Na półmetku finałowych zawodów Rotax Max Challenge w Poznaniu jest jeszcze ciekawiej niż przed ich startem. Rywalizacja w kilku kategoriach się zaostrza. Niestety, w jednej z kategorii lider uległ wypadkowi.
Po czasówce i dwóch wyścigach o punkty sprawa zwycięstwa wyjaśniła się tylko w klasyfikacji DD2 Masters, w której Sławomir Murański osiągnął bezpieczną przewagę nad Danielem Zającem. Niemal 100 punktów różnicy oznacza, że po raz kolejny zwycięzcą kategorii został utytułowany wrocławianin. Niestety, w drugim z sobotnich wyścigów DD2 bardzo groźnemu wypadkowi uległ lider rozgrywek Karol Kręt, który trafił do szpitala. Nie weźmie udziału w niedzielnych wyścigach.

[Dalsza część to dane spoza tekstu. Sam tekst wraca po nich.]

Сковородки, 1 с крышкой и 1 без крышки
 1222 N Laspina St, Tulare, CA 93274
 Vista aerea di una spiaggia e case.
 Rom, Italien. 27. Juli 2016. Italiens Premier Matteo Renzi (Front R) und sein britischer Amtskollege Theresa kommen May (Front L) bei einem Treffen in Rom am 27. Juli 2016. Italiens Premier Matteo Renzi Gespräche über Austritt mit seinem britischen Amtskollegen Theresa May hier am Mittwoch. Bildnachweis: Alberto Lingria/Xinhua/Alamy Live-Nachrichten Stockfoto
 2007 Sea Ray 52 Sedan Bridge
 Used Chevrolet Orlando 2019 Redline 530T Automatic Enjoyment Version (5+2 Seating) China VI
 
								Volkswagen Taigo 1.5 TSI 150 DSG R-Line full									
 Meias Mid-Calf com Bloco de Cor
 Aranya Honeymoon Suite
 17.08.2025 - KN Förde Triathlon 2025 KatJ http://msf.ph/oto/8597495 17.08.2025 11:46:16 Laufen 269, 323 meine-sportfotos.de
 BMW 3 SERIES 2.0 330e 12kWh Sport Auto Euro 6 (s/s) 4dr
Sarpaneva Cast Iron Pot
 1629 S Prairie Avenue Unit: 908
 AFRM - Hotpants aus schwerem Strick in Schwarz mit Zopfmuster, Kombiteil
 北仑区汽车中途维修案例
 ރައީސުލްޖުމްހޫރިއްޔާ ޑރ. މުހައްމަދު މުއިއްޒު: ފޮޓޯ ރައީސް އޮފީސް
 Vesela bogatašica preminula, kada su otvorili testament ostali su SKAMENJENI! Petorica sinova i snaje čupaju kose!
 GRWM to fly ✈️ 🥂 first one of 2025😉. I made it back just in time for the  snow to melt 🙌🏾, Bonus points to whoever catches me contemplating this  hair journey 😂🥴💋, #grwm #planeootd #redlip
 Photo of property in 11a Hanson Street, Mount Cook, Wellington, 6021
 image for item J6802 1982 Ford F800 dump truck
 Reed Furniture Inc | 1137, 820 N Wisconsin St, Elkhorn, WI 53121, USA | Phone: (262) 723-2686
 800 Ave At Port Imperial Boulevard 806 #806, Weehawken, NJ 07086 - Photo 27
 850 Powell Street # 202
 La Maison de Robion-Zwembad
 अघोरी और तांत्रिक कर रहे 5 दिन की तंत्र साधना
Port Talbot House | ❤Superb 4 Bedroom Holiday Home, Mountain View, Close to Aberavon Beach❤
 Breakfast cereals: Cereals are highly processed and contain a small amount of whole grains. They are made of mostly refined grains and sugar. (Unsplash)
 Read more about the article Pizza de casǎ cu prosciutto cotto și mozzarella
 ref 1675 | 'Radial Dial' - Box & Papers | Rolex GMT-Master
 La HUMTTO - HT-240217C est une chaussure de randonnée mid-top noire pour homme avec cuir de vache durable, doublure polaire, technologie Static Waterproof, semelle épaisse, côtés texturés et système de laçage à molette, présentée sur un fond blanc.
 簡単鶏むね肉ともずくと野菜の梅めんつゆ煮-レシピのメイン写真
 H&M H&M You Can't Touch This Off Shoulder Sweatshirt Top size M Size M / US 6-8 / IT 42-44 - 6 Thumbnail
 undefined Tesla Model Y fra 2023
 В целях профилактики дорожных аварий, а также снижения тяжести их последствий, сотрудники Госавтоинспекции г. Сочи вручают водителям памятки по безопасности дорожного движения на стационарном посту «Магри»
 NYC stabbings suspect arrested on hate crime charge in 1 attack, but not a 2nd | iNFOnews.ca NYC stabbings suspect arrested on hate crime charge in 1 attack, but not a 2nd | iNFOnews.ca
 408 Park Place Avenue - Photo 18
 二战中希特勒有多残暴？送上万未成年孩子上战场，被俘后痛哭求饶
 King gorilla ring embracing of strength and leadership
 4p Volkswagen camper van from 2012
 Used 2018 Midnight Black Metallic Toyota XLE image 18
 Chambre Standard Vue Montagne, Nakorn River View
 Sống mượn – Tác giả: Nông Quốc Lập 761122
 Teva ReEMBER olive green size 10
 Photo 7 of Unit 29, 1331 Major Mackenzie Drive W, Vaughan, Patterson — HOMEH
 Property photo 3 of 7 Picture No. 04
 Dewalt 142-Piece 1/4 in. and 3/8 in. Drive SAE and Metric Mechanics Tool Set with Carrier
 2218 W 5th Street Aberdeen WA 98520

W najmłodszej kategorii Micro Max po dwóch wyścigach nic nie jest jasne. Różnica pomiędzy Tomaszem Cichorackim a Antonim Ociepą wynosi zaledwie 2 punkty, a więc wszystko rozstrzygnie się w niedzielnych wyścigach.
Z kolei w Mini Max przewaga Borysa Łyżnia prowadzącego w klasyfikacji generalnej zmalała z 55 punktów do 29. Rostislav Kostyna, który jest wiceliderem w obu sobotnich biegach sukcesywnie niwelował różnicę. Rozstrzygnięcie poznamy również po niedzielnych wyścigach, może nawet po pierwszym z nich.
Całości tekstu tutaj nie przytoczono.